Der umgedrehte Krampus!

Erika Eck

by Erika Eck

Story

Mein Vater war bei allen Kindern in der Nachbarschaft sehr beliebt, weil er oft einen Spaß mit den Kindern machte und durch seine Kraft und Stärke jeden beschützen konnte, der in einer Gefahr war. Vor allem unser Nachbarsbub Reinhard, der bei seiner Oma aufwuchs, blickte zu meinem Vater auf und ich glaube, er nahm ihn auch als großes Vorbild!

Reinhard war der jüngste meiner Spielgefährten und mit seinen fünf Jahren hatte er noch mehr Ängste als wir ca. Zehnjährigen!

So konnte er auf der einen Seite den Krampus-Tag kaum erwarten, auf der anderen Seite fürchtete er sich vor diesem Tag und dem kommenden Abend. Um Reinhard noch mehr Angst zu machen, erzählten wir anderen ihm auch noch gruselige Schauermärchen über die „Kramperl“.
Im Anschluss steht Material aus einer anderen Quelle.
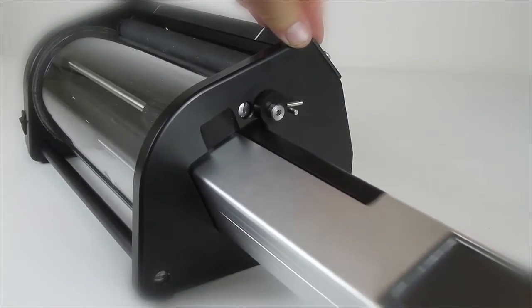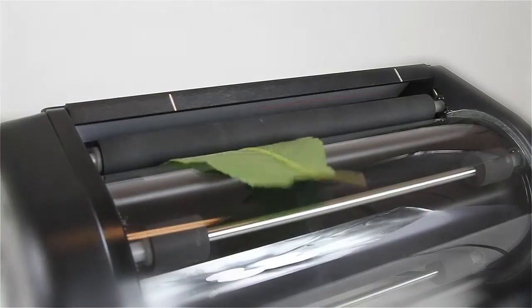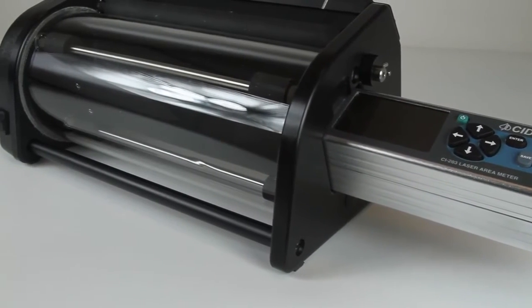For measuring large numbers of detached leaves, an optional conveyor attachment is also available. The conveyor attachment is a perfect solution for whole plant high-throughput phenotyping studies.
Zu dieser Zeit war es noch Brauch, dass sich irgendwelche Leute als Krampus verkleideten, von Haus zu Haus gingen, mit einer Rute an die Haustüren schlugen, wild mit einer Kette rasselten und meistens ganz schnell davon liefen, wenn ein Erwachsener die Tür öffnete.

Als es an diesem besagten Tag dunkel wurde, trennten wir uns, jeder meiner Spielgefährten ging nach Hause und auch Reinhard, der immense Angst hatte, marschierte nach Hause!

Es dauerte nicht lange und wir hörten die fürchterlichen „Krampusgeräusche“, noch etwas weiter entfernt, aber bereits näher kommend!

Auf einmal ein lautes Brüllen an der Tür, ein starkes Pochen und Reinhards Stimme, der in Panik um Hilfe nach meinem Vater rief!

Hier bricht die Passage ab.